EXERCISE: Write out the lines below once more, exactly as they appear. Do not include pictures.

DATASET CONTENT:
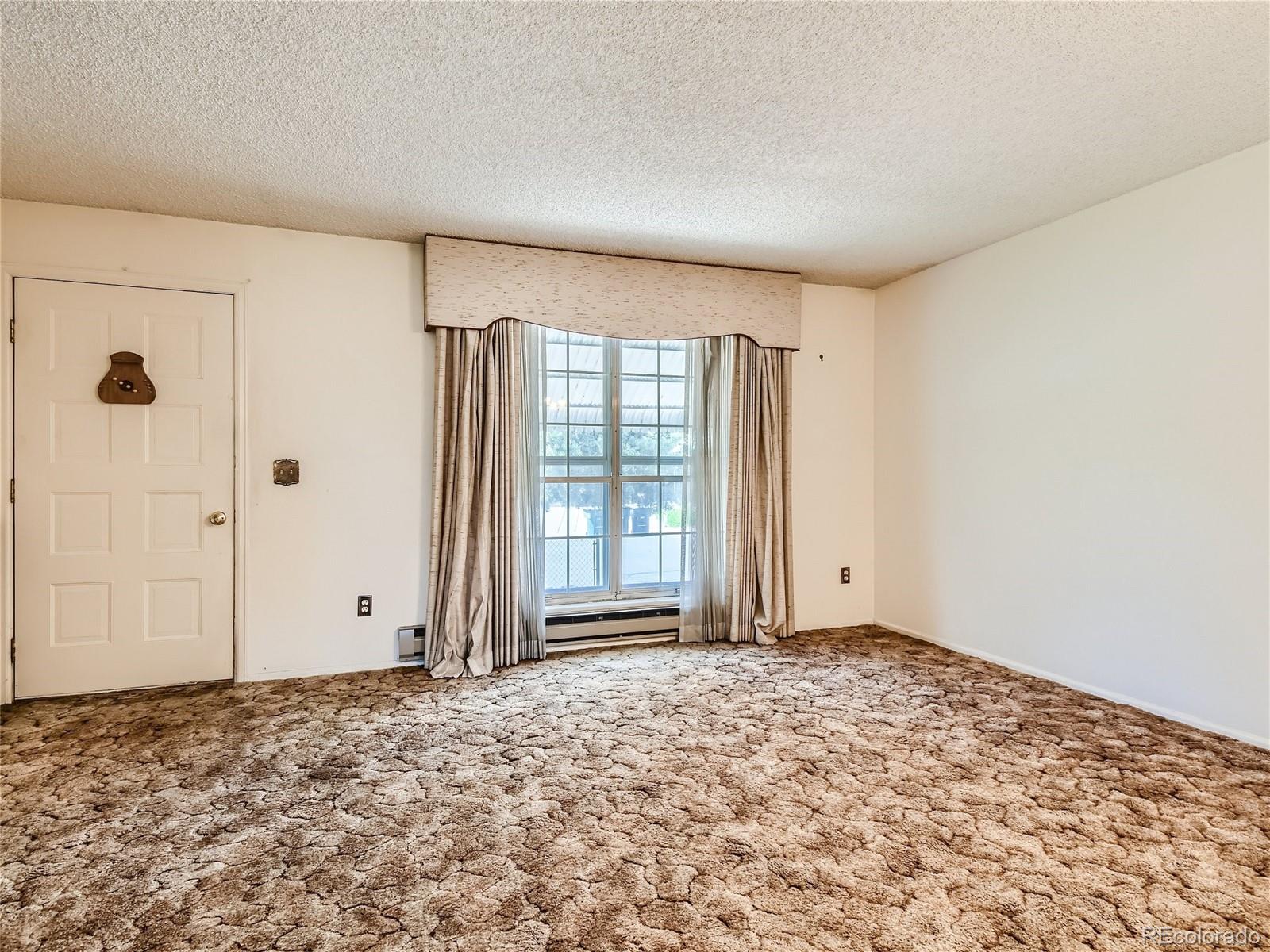 11090 Eudora Way Thornton, CO 80233 - Photo 5 of 28 a view of an empty room with a window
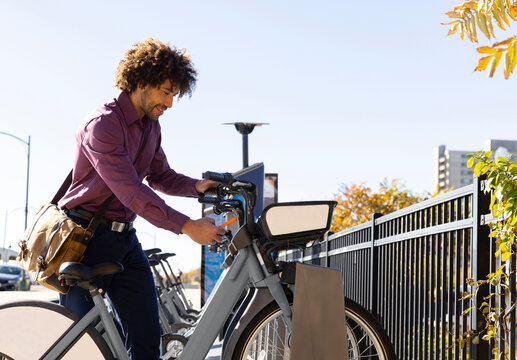 Black man City Bike Share with cell phone 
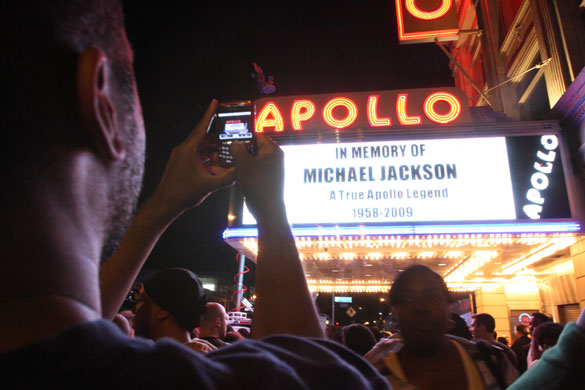 Michael Jackson reaction: Tshaka Lafayette takes a picture of the marquee at the Apollo theatre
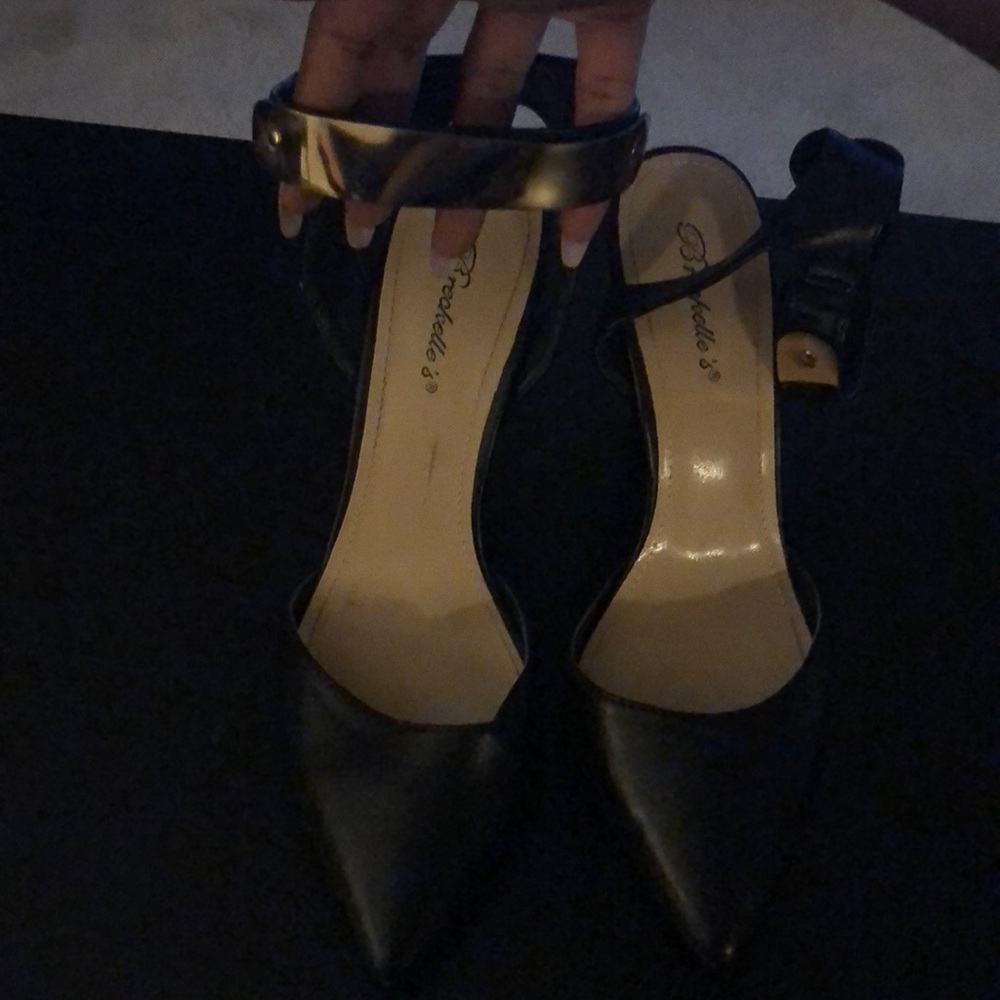 Ankle strap heels with gold detail on strap.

SOLUTION TO THIS PROBLEM:
 11090 Eudora Way Thornton, CO 80233 - Photo 5 of 28 a view of an empty room with a window
 Black man City Bike Share with cell phone 
 Michael Jackson reaction: Tshaka Lafayette takes a picture of the marquee at the Apollo theatre
 Ankle strap heels with gold detail on strap.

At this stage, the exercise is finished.